## [TASK GOAL]
Once you find the line with "Night heron" in the entries below, print it and each line after it up to and including the line with "Best Christmas Vacations With Dogs", exactly, without pictures.

## [SUPPLIED RECORDS]
BEGIN
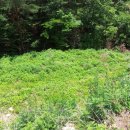 송도로공인중개사사무소 이미지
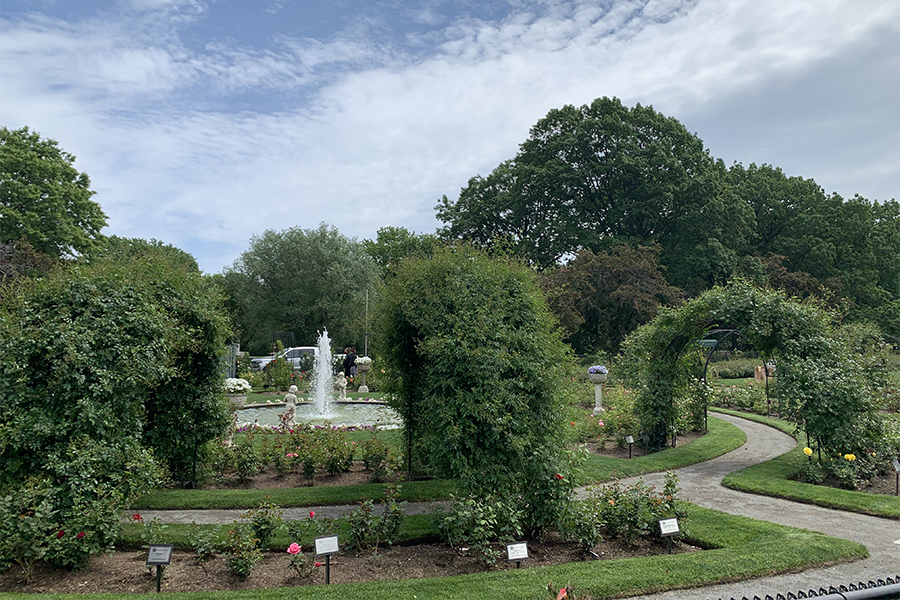 kelleher rose garden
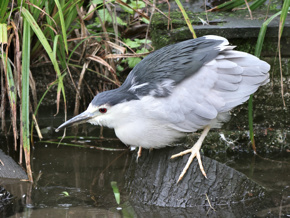 Night heron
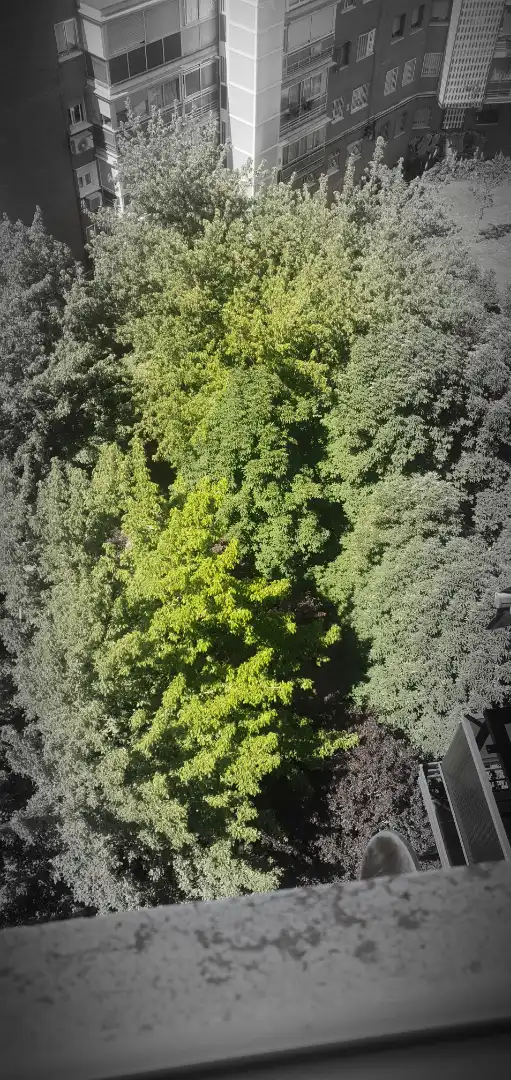 Jardí de Pis en venda en Madrid amb Aire condicionat, Calefacció i Jardí privat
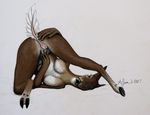  alsem anus breasts cervine deer female hooves mammal nude pussy solo spreading upside_down 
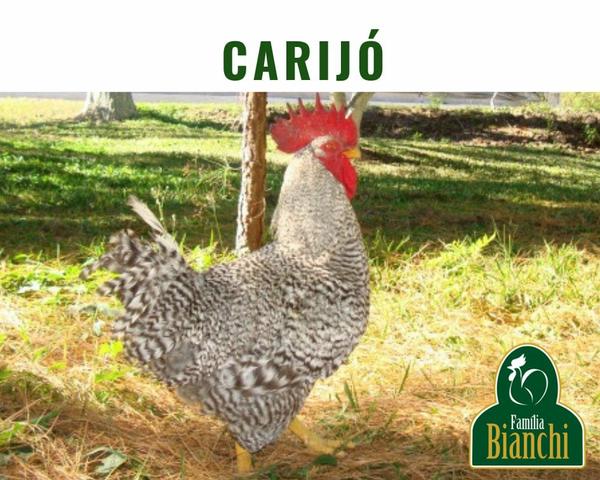 Pintinhos de um dia - Foto 2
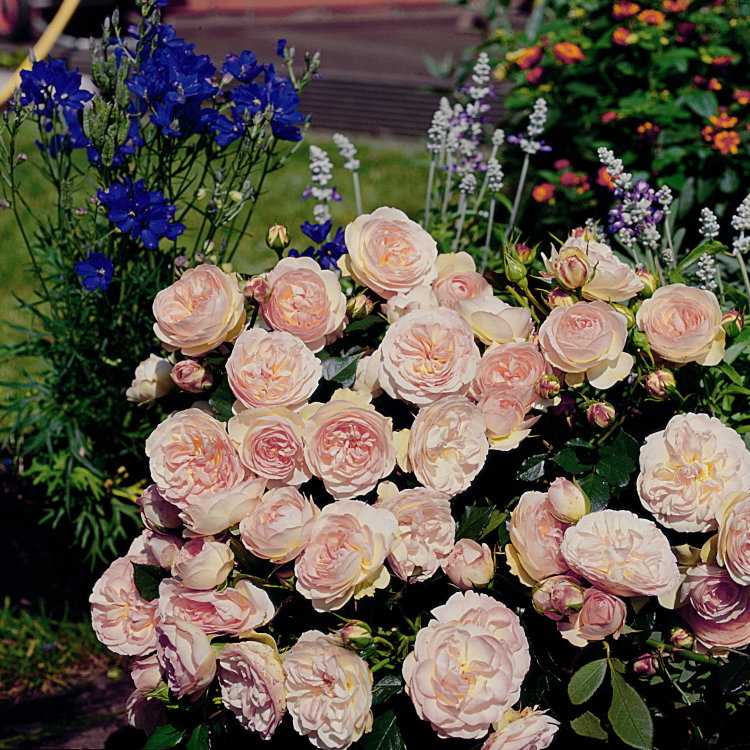 Английские и канадские розы в холодном климате. сорта и уход. фото — ботаничка.ru
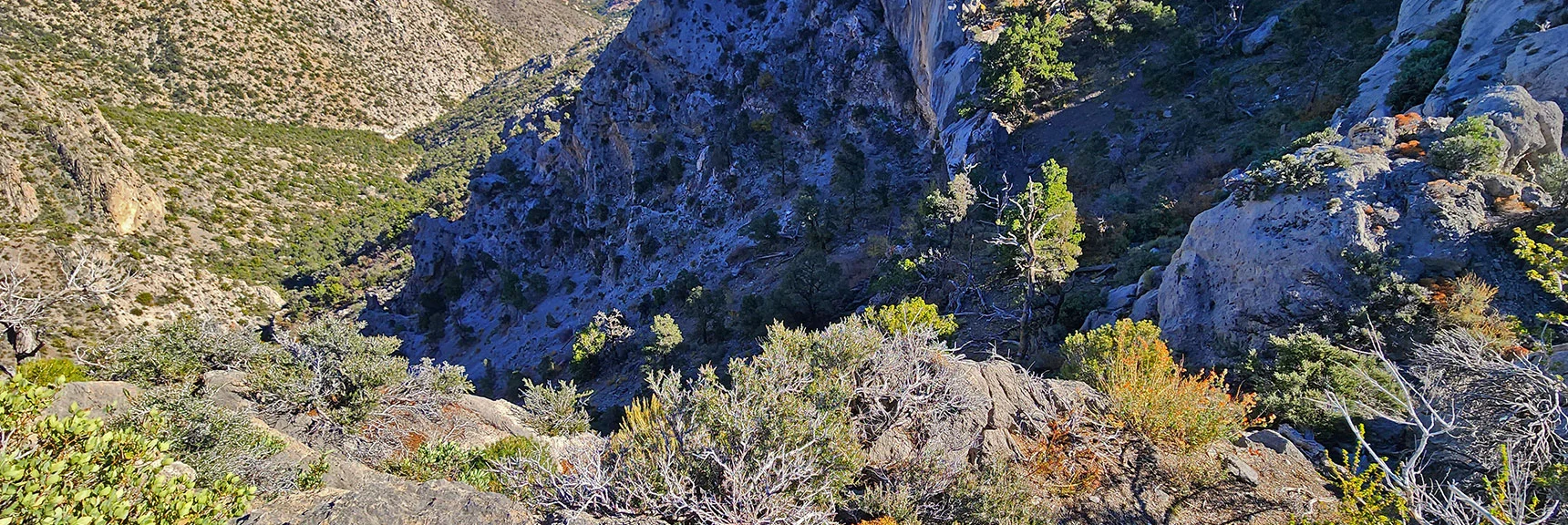 Potential Descent Route Takes a Plunge on Loose Rock. Will Explore from Bottom Up. | Switchback Spring Pinnacle | Wilson Ridge | Lovell Canyon, Nevada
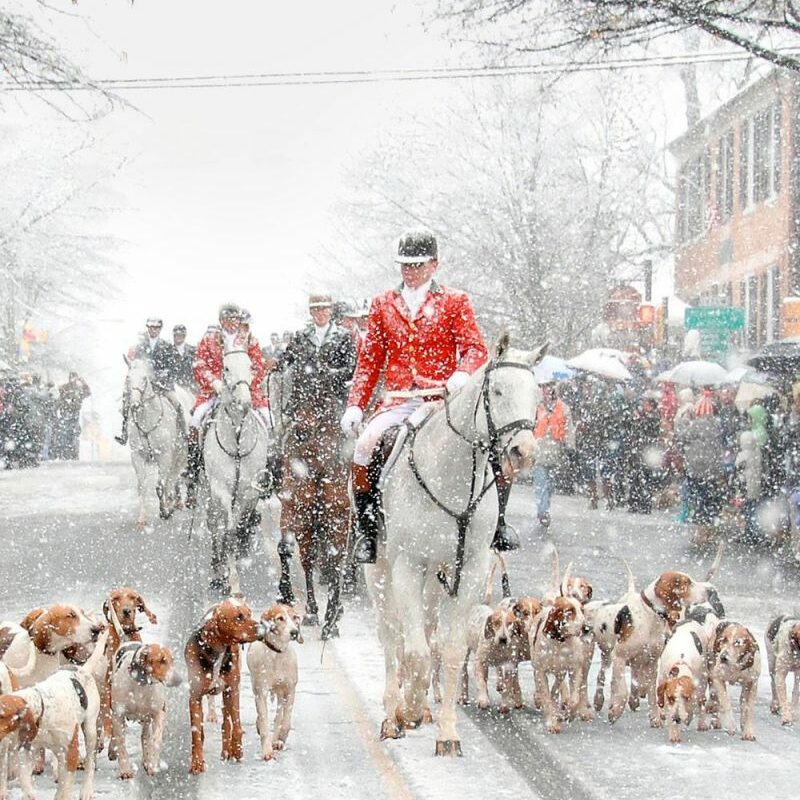 Best Christmas Vacations With Dogs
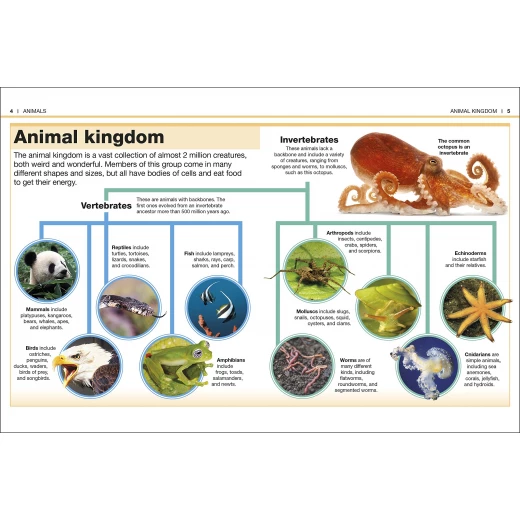 Pocket Eyewitness Animals - كتب دي كاي - Image 3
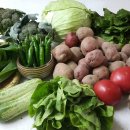 조계환농장 이미지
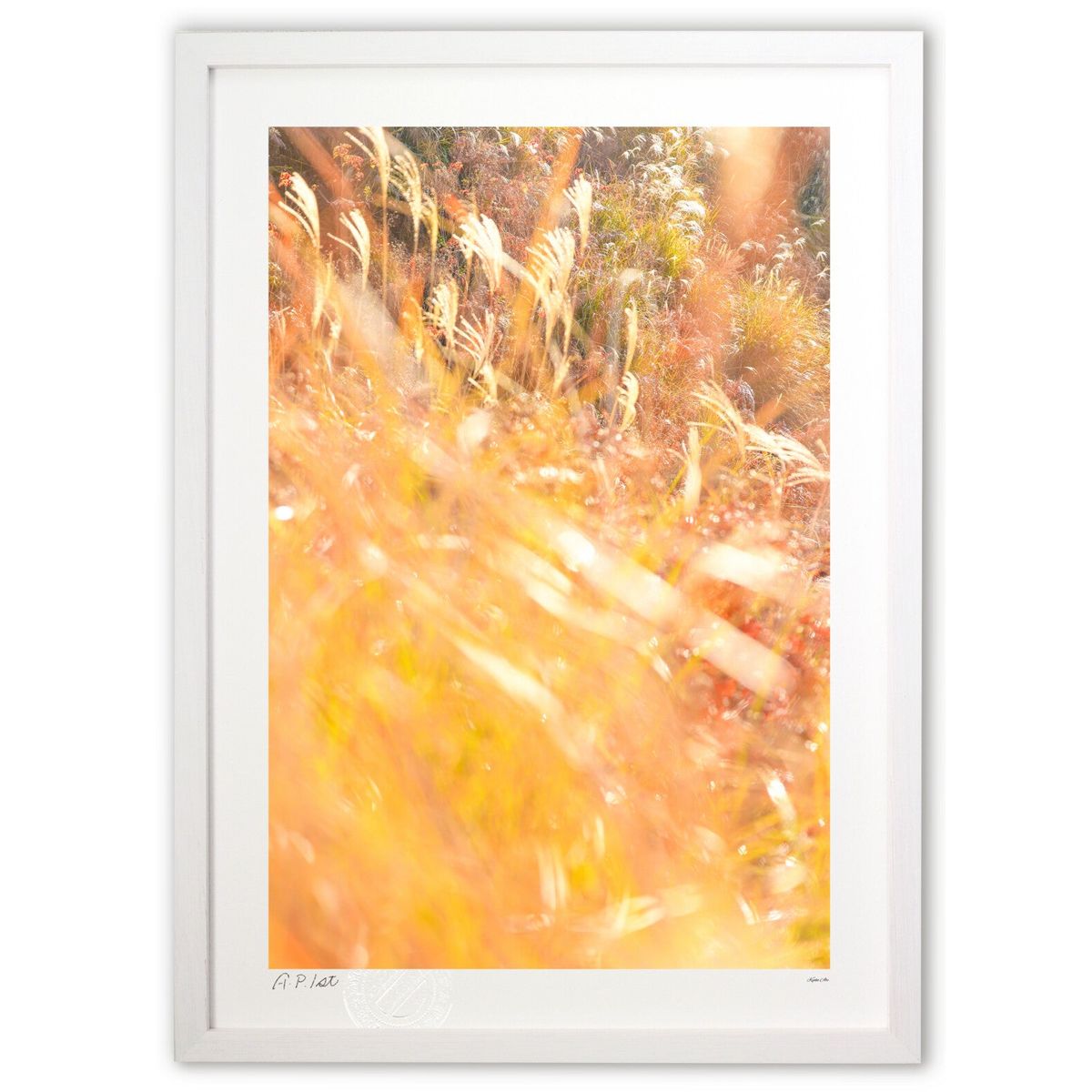 ǲ  ٵʧUPΥ (Kyoko.Abe)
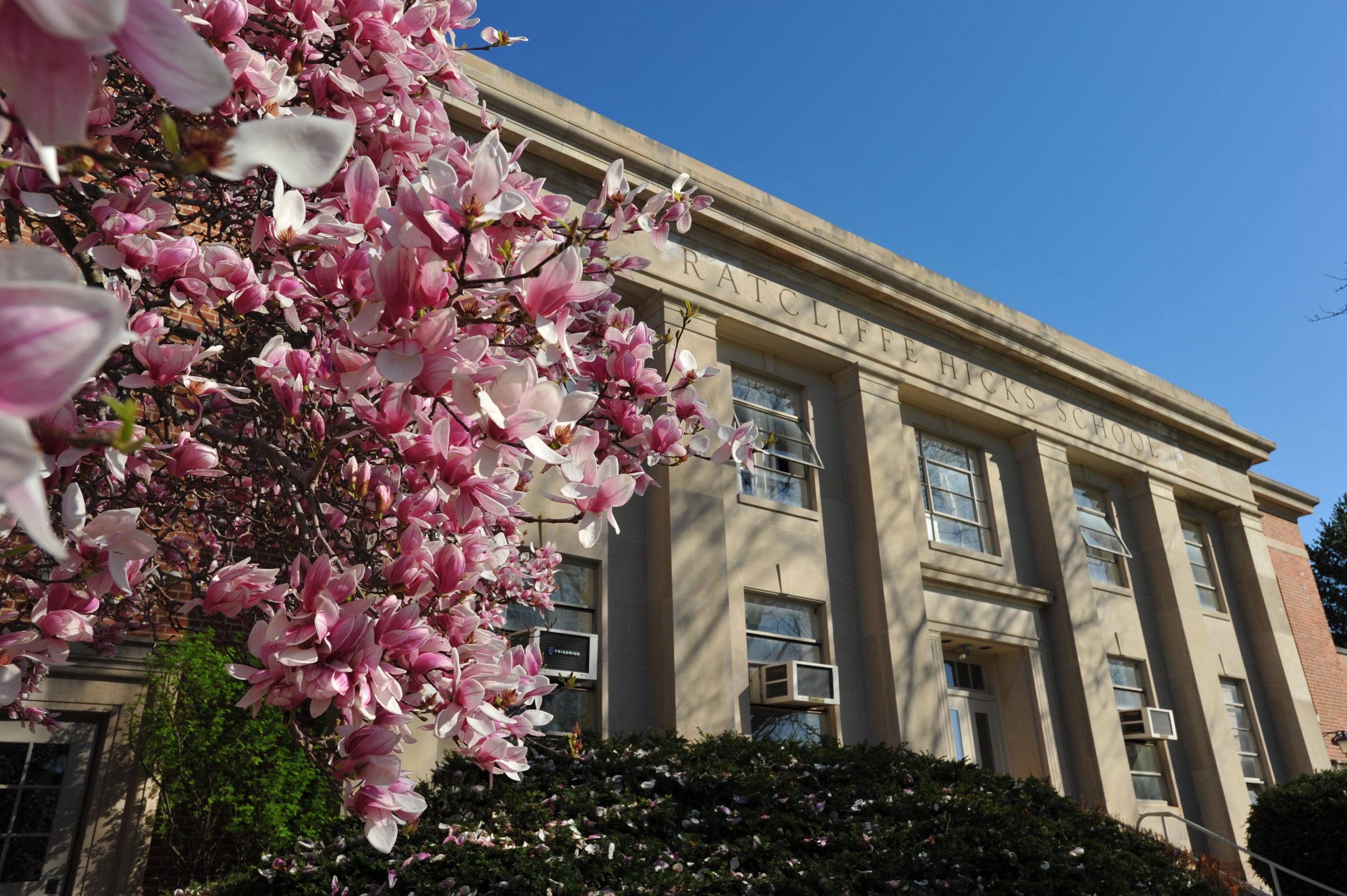 A magnolia tree grows in front of the Ratcliffe Hicks building.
END
## [RESPONSE TO THIS EXERCISE]
 Night heron
 Jardí de Pis en venda en Madrid amb Aire condicionat, Calefacció i Jardí privat
  alsem anus breasts cervine deer female hooves mammal nude pussy solo spreading upside_down 
 Pintinhos de um dia - Foto 2
 Английские и канадские розы в холодном климате. сорта и уход. фото — ботаничка.ru
 Potential Descent Route Takes a Plunge on Loose Rock. Will Explore from Bottom Up. | Switchback Spring Pinnacle | Wilson Ridge | Lovell Canyon, Nevada
 Best Christmas Vacations With Dogs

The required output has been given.